Point Sampling And Masking

Use this page when you want pixel values at point locations, or when you want to control how polygon edges are masked for chip/area reads.

Collection.sample_points(...) returns a table with one row per sampled point, record, and band. The usual workflow is:

collection -> filter metadata -> pass points -> receive a sample table

The examples below use the public AlphaEarth Foundation collection:

import rasteret

collection = rasteret.load("aef/v1-annual").subset(
    bbox=(11.3, -0.002, 11.5, 0.001),
    date_range=("2023-01-01", "2023-12-31"),
)

Point Tables

For large point jobs, keep your points in the table tool you already use. GeoPandas, DuckDB, Polars, PyArrow, and SedonaDB can all hand tables to Rasteret.

If your point table has x/y, lon/lat, longitude/latitude, or lng/lat columns, Rasteret can infer the coordinate columns. You can still pass x_column and y_column explicitly when that is clearer.

Coordinate Columns

import pyarrow as pa

points = pa.table(
    {
        "sensor_id": ["s-001", "s-002"],
        "plot_id": ["plot-a", "plot-b"],
        "lon": [11.36, 11.44],
        "lat": [-0.001, -0.0005],
    }
)

samples = collection.sample_points(
    points=points,
    x_column="lon",
    y_column="lat",
    bands=["A00", "A01"],
    geometry_crs=4326,
)

Plain coordinate columns do not say which CRS they use, so pass geometry_crs.

DuckDB

DuckDB query results can be passed directly:

import duckdb

con = duckdb.connect()
con.register("point_source", points)

points = con.sql("""
    SELECT sensor_id, plot_id, lon, lat
    FROM point_source
    WHERE lon BETWEEN 11.3 AND 11.5
      AND lat BETWEEN -0.002 AND 0.001
""")

samples = collection.sample_points(
    points=points,
    x_column="lon",
    y_column="lat",
    bands=["A00", "A01"],
    geometry_crs=4326,
)

No CSV or temporary file writes are required for this pattern.

Geometry Columns

If your upstream tool already has a point geometry column, pass geometry_column=... instead of x_column and y_column.

import geopandas as gpd
from shapely.geometry import Point

point_gdf = gpd.GeoDataFrame(
    {
        "plot_id": ["plot-a", "plot-b"],
        "sensor_id": ["s-001", "s-002"],
    },
    geometry=[Point(11.36, -0.001), Point(11.44, -0.0005)],
    crs="OGC:CRS84",
)

point_table = point_gdf.to_arrow(geometry_encoding="WKB")

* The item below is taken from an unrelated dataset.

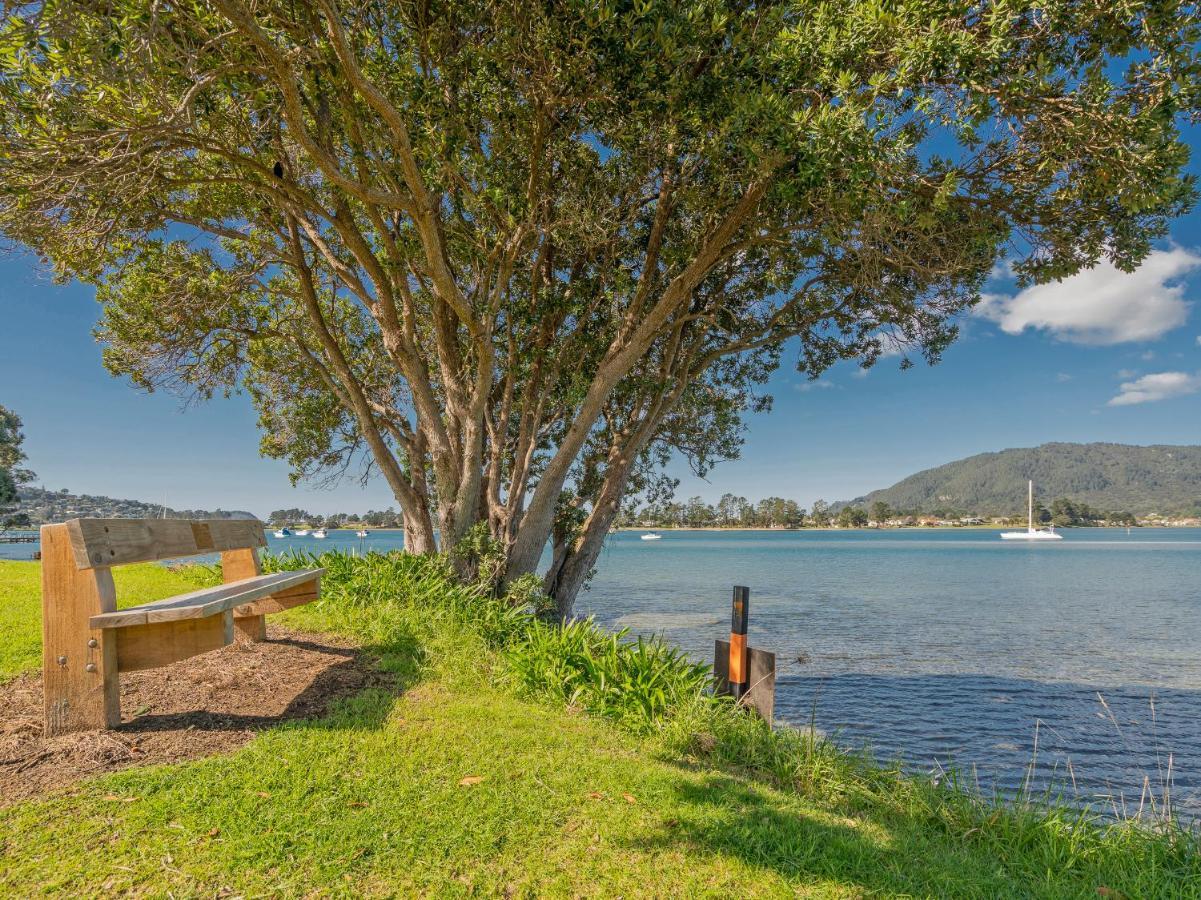 Tairua Waterfront Retreat - Tairua Apartment Esterno foto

samples = collection.sample_points(
    points=point_table,
    geometry_column="geometry",
    bands=["A00"],
)

If the geometry column includes CRS information, Rasteret uses it. If it does not, pass geometry_crs=....

For DuckDB GEOMETRY values, convert them before passing the result to Rasteret:

SELECT plot_id, ST_AsWKB(geom) AS geometry
FROM plot_points

Output Columns

sample_points() returns a table with:

  • point_index, point_x, point_y, point_crs
  • record_id, datetime, collection
  • band, value, raster_crs
  • neighbourhood_values when return_neighbourhood!="off"

It also keeps point-table columns such as plot_id, sensor_id, or split, unless they collide with Rasteret output column names.

Use match="all" for time-series style output with every matching record per point and band:

samples = collection.sample_points(
    points=points,
    bands=["A00"],
    geometry_crs=4326,
    match="all",
)

Use match="latest" to keep one row per (point_index, band):

latest = collection.sample_points(
    points=points,
    bands=["A00"],
    geometry_crs=4326,
    match="latest",
)

Nodata Fallback

By default, sample_points() samples the base pixel containing the point:

  • If the base pixel is valid, Rasteret returns it.
  • If the base pixel is nodata/NaN, Rasteret returns that nodata value.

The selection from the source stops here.